Despite this being a valid analysis, shortly after my book was published, I realized it was incomplete and more was needed. The core relational need could not be framed as simply high or low social influence per se. Specifically, I came to realize that humans were driven by the need for both social influence and what I came to call “relational value.” I obtained the idea of relational value via the psychologist Mark Leary and his work on what he called “the sociometer” approach to understanding self-esteem. Leary analyzed the self-esteem literature and explored why it was such an important element of human psychology. He challenged the standard argument that self-esteem was simply a good thing in and of itself. Instead, he claimed we should think of self-esteem as functioning as a barometer that signals the extent to which one is valued by others. Encountering Leary’s work corresponded with an increasing realization on my part that it was crucial to distinguish the instrumental capacity to influence others from whether one was genuinely valued by others.
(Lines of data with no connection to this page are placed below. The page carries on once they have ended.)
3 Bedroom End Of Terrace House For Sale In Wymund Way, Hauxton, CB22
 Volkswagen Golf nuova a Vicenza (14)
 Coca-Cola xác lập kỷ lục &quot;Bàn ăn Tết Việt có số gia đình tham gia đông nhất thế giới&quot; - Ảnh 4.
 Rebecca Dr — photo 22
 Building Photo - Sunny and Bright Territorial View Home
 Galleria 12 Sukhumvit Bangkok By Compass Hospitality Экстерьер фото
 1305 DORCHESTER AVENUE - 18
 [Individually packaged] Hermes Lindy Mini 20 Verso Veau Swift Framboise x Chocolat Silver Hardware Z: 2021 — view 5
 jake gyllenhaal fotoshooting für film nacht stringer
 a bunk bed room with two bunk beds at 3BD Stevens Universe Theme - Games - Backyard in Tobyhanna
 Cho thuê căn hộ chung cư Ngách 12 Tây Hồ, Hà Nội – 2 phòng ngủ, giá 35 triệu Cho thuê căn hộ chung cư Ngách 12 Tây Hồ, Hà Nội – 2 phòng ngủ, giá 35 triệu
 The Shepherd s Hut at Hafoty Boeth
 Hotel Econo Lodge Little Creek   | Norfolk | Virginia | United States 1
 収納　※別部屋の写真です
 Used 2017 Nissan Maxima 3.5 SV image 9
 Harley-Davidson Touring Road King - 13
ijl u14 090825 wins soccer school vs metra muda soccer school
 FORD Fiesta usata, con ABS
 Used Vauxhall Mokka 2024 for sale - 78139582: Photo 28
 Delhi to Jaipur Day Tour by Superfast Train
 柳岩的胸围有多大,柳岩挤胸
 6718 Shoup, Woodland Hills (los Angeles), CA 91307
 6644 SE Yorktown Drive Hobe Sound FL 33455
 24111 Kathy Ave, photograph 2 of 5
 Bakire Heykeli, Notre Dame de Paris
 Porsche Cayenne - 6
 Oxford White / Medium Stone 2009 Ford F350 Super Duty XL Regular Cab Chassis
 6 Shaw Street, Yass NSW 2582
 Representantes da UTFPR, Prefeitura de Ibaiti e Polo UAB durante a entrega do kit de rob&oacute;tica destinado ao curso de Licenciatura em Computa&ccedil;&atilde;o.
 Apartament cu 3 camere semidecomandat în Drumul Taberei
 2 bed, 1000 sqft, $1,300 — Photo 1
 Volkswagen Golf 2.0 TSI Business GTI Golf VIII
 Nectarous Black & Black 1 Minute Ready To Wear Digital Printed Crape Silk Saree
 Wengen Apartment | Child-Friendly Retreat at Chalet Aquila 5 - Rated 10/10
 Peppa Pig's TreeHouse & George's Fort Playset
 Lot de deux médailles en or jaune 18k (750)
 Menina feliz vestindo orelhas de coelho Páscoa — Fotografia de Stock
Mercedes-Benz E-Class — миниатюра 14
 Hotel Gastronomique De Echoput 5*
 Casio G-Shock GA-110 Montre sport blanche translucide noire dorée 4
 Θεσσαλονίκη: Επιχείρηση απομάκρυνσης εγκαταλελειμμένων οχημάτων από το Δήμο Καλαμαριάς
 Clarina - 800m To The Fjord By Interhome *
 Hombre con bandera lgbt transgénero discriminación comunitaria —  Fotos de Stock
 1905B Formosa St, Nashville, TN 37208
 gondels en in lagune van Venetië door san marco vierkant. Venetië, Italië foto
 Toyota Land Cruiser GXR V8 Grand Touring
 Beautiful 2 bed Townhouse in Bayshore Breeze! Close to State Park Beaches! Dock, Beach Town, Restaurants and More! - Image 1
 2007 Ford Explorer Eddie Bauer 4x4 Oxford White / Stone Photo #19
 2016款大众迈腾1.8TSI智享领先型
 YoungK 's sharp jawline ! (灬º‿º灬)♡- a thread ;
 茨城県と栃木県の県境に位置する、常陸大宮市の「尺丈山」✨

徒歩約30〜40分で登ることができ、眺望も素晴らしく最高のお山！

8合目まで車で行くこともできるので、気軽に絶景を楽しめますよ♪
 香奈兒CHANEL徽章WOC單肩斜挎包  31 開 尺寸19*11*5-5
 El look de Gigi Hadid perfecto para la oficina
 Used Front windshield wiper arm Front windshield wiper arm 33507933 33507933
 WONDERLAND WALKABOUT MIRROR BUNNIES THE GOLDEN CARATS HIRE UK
The basic distinction between having social influence and being valued is obvious to anyone who has had a boss or teacher or powerful other whom they both obeyed but hated. The hated boss has social influence, even as she has little or no relational value. Of course, I was not blind to this distinction when I first described the Influence Matrix, which is the Unified Theory's frame for mapping human relationships. In the past, I would have framed this pattern by arguing that a secure sense of high social influence is marked by the balance of power and love, and it is thus not at a state of equilibrium, and therefore not a state of secure social influence.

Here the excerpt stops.